Meilleure ennemie d’Anne Hidalgo
« N’ayez pas peur, j’aime me battre », assurait ce matin Rachida Dati. Une déclaration qui n’étonnera pas les observateurs de la vie politique parisienne : maire du VIIe arrondissement de Paris, Rachida Dati a multiplié au fil des années les passes d’armes avec Anne Hidalgo, dont elle fut la rivale malheureuse aux élections municipales de 2020. Cette dernière n’a d’ailleurs pas manqué de réagir sur Instagram à sa nomination en souhaitant « bon courage aux acteurs du monde de la culture compte tenu des épreuves qu’ils vont traverser avec la nomination de Rachida Dati comme ministre de la Culture. » L’hostilité entre les deux élues s’est à plusieurs reprises déplacée sur le terrain patrimonial. Il y a quelques jours seulement, la future ministre interpellait Rima Abdul Malak a propos de la démolition programmée par l’Institut Curie, grâce à un permis délivré par la municipalité, du symbolique pavillon des Sources où travailla Marie Curie (Paris Ve) ; le projet a depuis lors été suspendu, mais l’édifice demeure non protégé. Son sort s’est cependant invité ce matin lors de la passation de pouvoir : « Je sais, chère Rachida, que tu vas veiller au destin du pavillon des Sources de Marie Curie. », confiait Rima Abdul Malak avant de tirer sa révérence. Rachida Dati usera-t-elle de sa position pour entraver les projets soutenus par l’Hôtel de Ville ? Elle pourrait notamment se pencher sur le réaménagement contesté du square de Notre-Dame de Paris, ou encore celui du Champ-de-Mars qu’elle ne s’était pas privée de critiquer par le passé.
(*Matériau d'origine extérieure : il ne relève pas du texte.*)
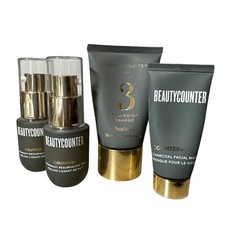 Beautycounter Bundle of 4 Travel Size Mixed - 2 Masks 2 Overnight Peels NEW
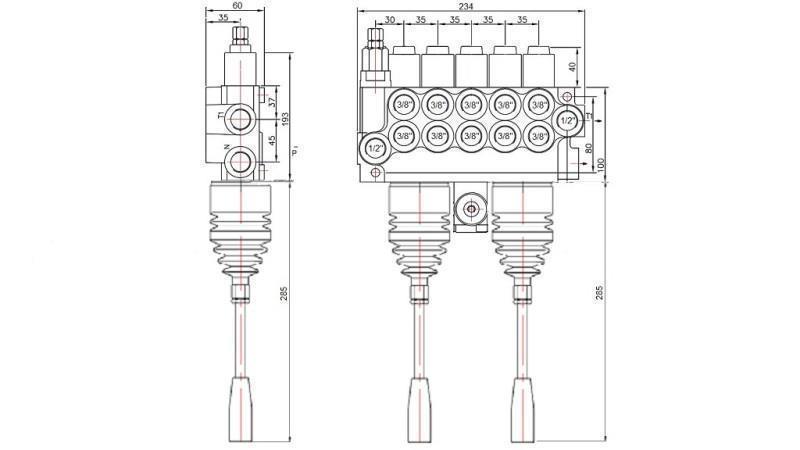 HID. VALVE 5xP40 2x JOYSTICK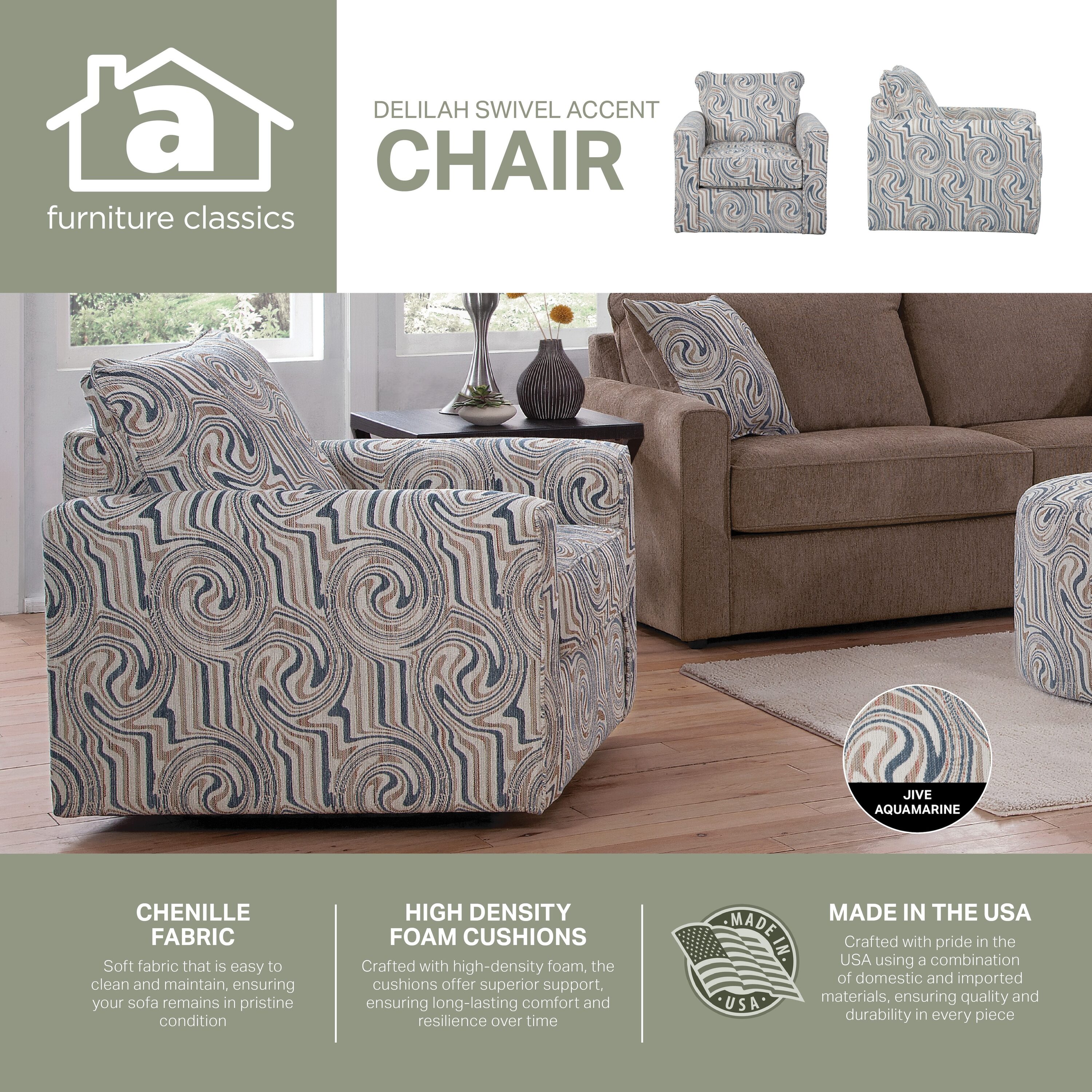 A Furniture Classics 803SOA-AC23V2 chairs - View #2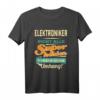 Superhelden Umhang - Beruf Elektroniker T-Shirt – Lustiges Geschenk für Elektroniker zum Geburtstag & Weihnachten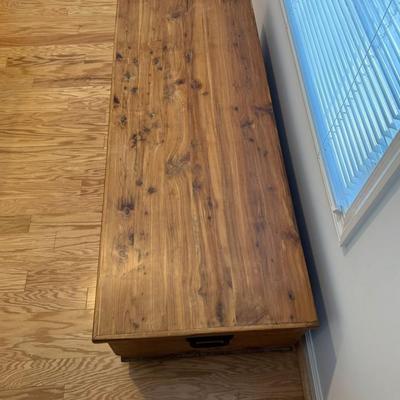 935 Vintage Cedar Chest With Wrought Iron Handles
Rima Abdul Malak : 20 mois rue de Valois
Fragilisée par ses prises de position dans l’affaire Gérard Depardieu et sa critique de la loi immigration, l’ancienne conseillère culture du Président de la République quitte donc le ministère après vingt mois d’exercice du pouvoir. Dans son discours de départ, elle regrette de n’être pas parvenue à « déjouer la malédiction des deux ans » qui semble frapper les locataires de la rue de Valois. Durant son ministère, elle a notamment œuvré au développement du Pass Culture, assuré l’ouverture de la Cité internationale de la langue française dans l’écrin du château de Villers-Cotterêts, ou encore favorisé les métiers d’art pour lesquels le gouvernement avait débloqué l’an passé une enveloppe de 340 millions d’euros.